You have 3.00 L of a 3.00 M solution of NaCl(aq) called solution A. You also have 2.00 L of a 2.00 M solution of AgNO3(aq) called solution B. You mix these solutions together, making solution C. Hint: AgCl is a precipitate.
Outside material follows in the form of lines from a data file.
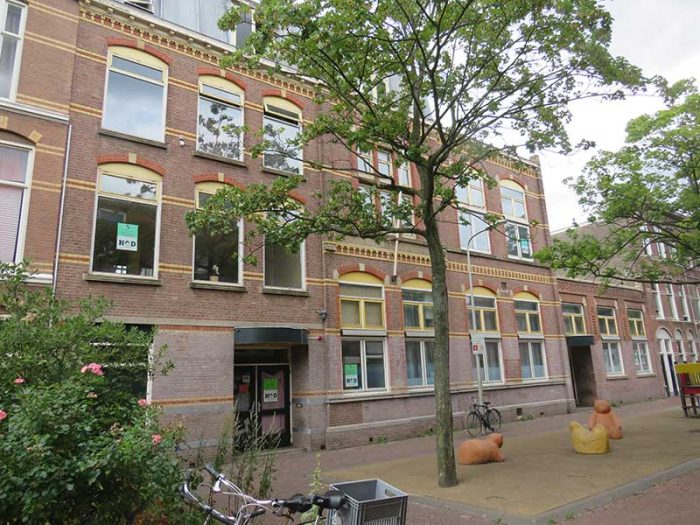 daguerrestraat-Schoolgebouw-IMG_1163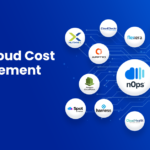 best cloud cost management software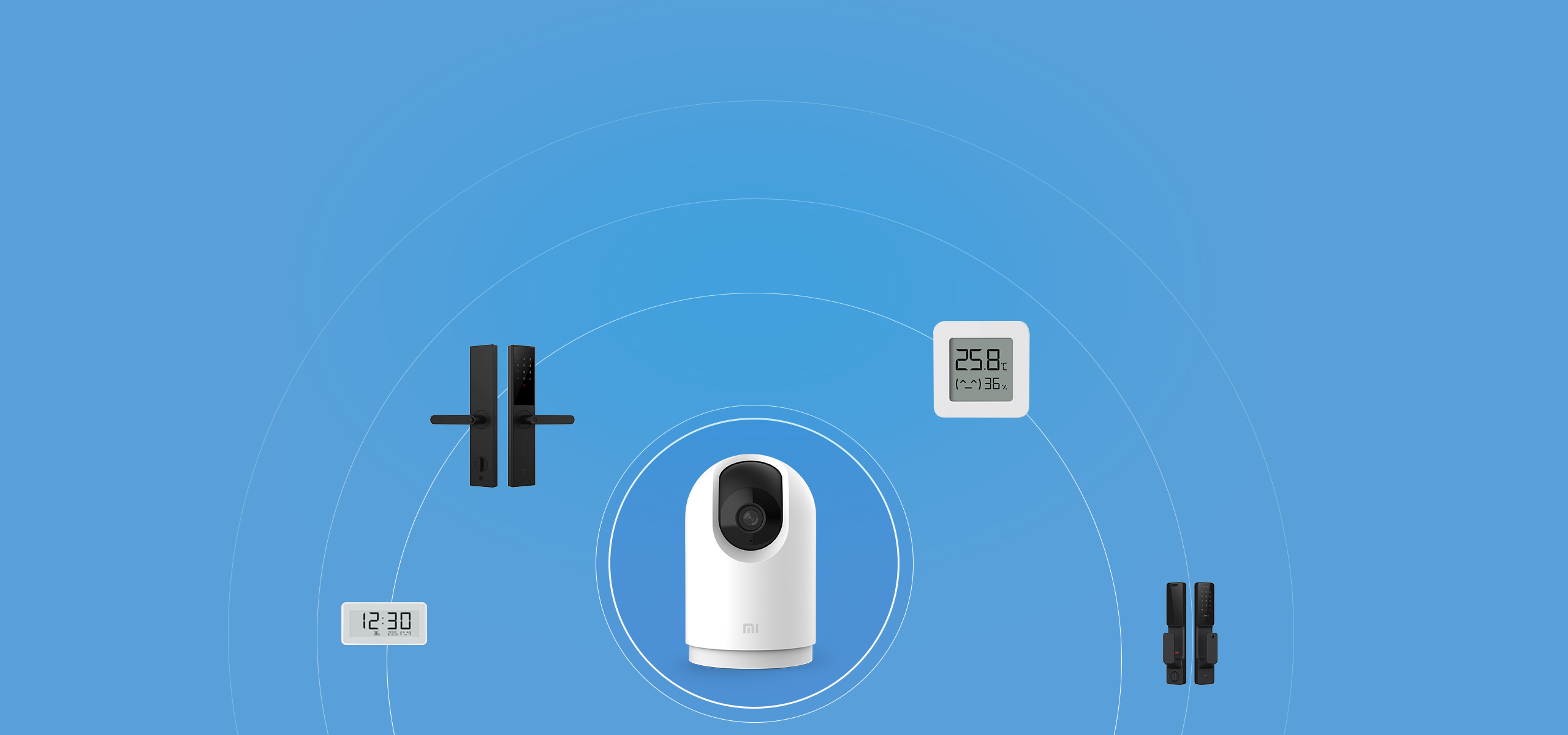 https://i01.appmifile.com/webfile/globalimg/products/pc/mi-360-home-security-camera-2k-pro/PC_27.jpg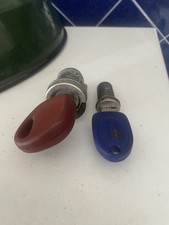 fiat punto key for sale  DONCASTER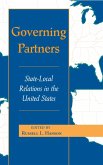 Governing Partners (eBook, PDF)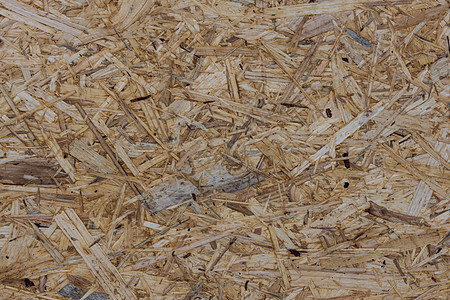 颗粒板木材木工白色木头建造材料风格棕色墙纸粒子图片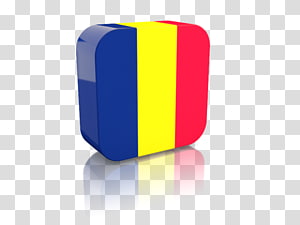 Brand Font, design transparent background PNG clipart thumbnail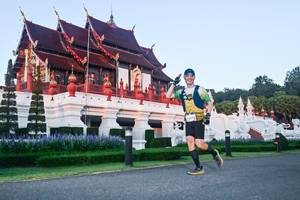 BIB: 
                            <button type="button" onclick="openModal(22455551)" class="btn btn-primary btn-sm float-right btn-popup" data-toggle="modal" data-target=".modal-high-quality">
                        <i class="fas fa-shopping-cart"></i> Add to Cart
                    </button>
                                            <button type="button" onclick="isThisMe(22455551, true)" class="btn btn-success btn-sm float-right btn-popup btn-isme hidden" data-toggle="tooltip" data-placement="bottom" title="นี่คือรูปของคุณใช่ไหม คลิกที่นี่เพื่อเอาเข้าอัลบั้ม">
                        <i class="fas fa-plus"></i> Add to album
                    </button>
                    <button type="button" onclick="isThisMe(22455551, false)" class="btn btn-warning btn-sm float-right btn-popup btn-isnotme hidden">
                        <i class="fas fa-ban"></i> Remove from album
                    </button>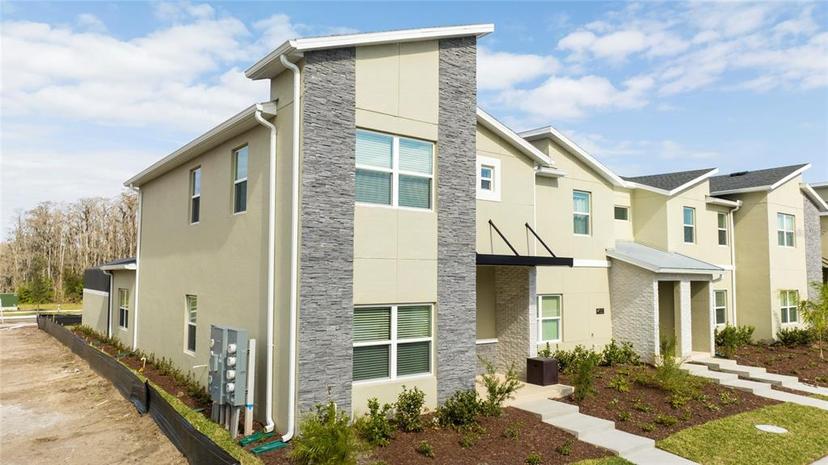 Picture of 4355 Scene Lane, Kissimmee FL 34746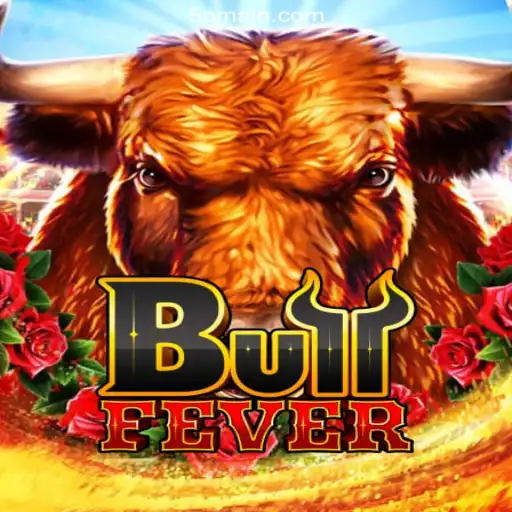 Experience the Thrill of BullFever at 5P.COM Cassino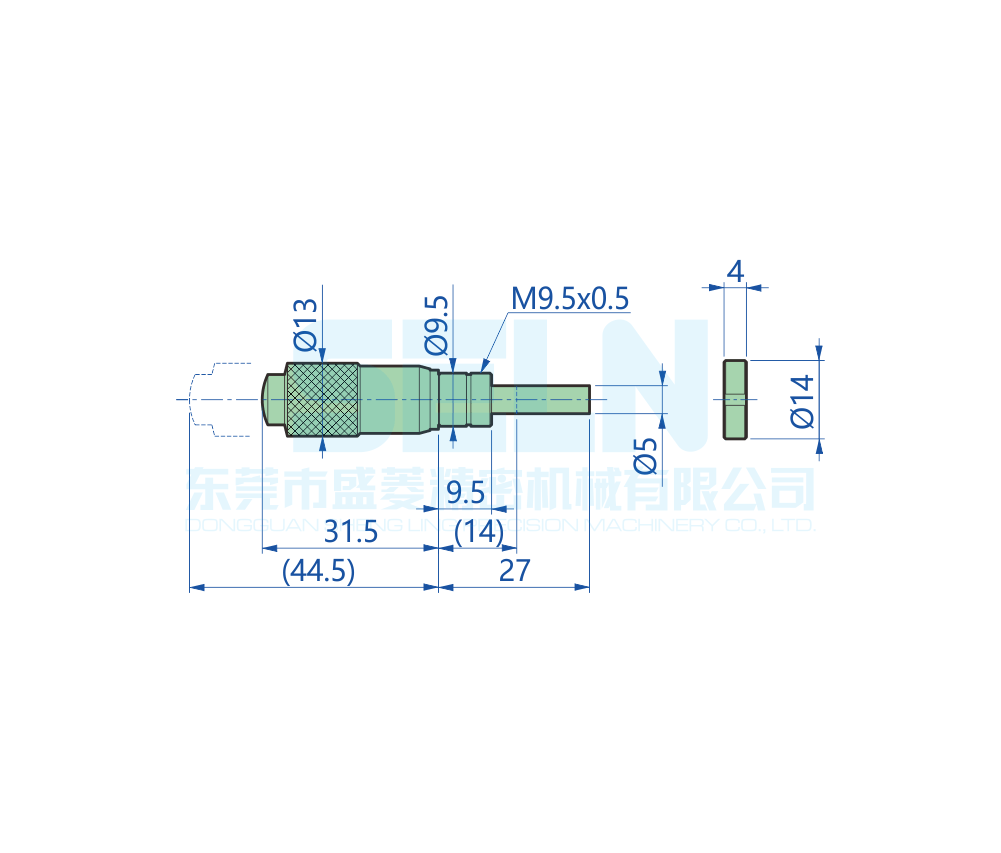 MT13-2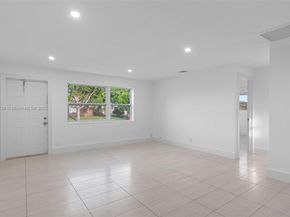 1481 SW 49th Ave, Fort Lauderdale FL 33317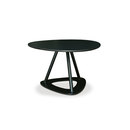 Miiing Pop table Gastronomie Tables Tables de jardin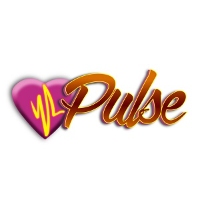 Brands,  Businesses, Places & Professionals Pulse girls entertainment in Fresno CA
Calculate the concentrations (in M) of the following ions in solution C. NO3-

Answer 1

Answer:

The concentration of nitrate ions in solution is 0.8 M.

Explanation:

In solution A;

$NaCl(aq)\rightarrow Na^+(aq)+Cl^-(aq)$

Moles of sodium chloride in solution:

$3.00M=\frac{moles}{3.00L}$

Moles of sodium chloride = 9 mole

In solution B;

$AgNO_3(aq)\rightarrow Ag^+(aq)+NO_{3}^-(aq)$

Moles of sodium chloride in solution:

$2.00M=\frac{moles}{2.00L}$

Moles of sodium chloride = 4 mole

In solution C;

$AgNO_3+NaCl\rightarrow AgCl+NaNO_3$

1 mol of silver chloride reacts with 1 mol of sodium chloride to give 1 mol of silver chloride and 1 mol of sodium nitrate.

Then 4 mol silver chloride reacts with 4 mol of sodium chloride to give 4 mol of silver chloride and 4 mol of sodium nitrate.

1 mol silver nitrate gives 1 mol of nitrate ions.

So, 4 moles of silver nitrate will gives 4 mole of nitrate.

Total volume of solution = 3.00 L+ 2.00 L = 5.00 L

Concentration of nitrate ions in solution:

$[NO_{3}^-]=\frac{4 mol}{5 L}=0.8 mol/L$

The concentration of nitrate ions in solution is 0.8 M.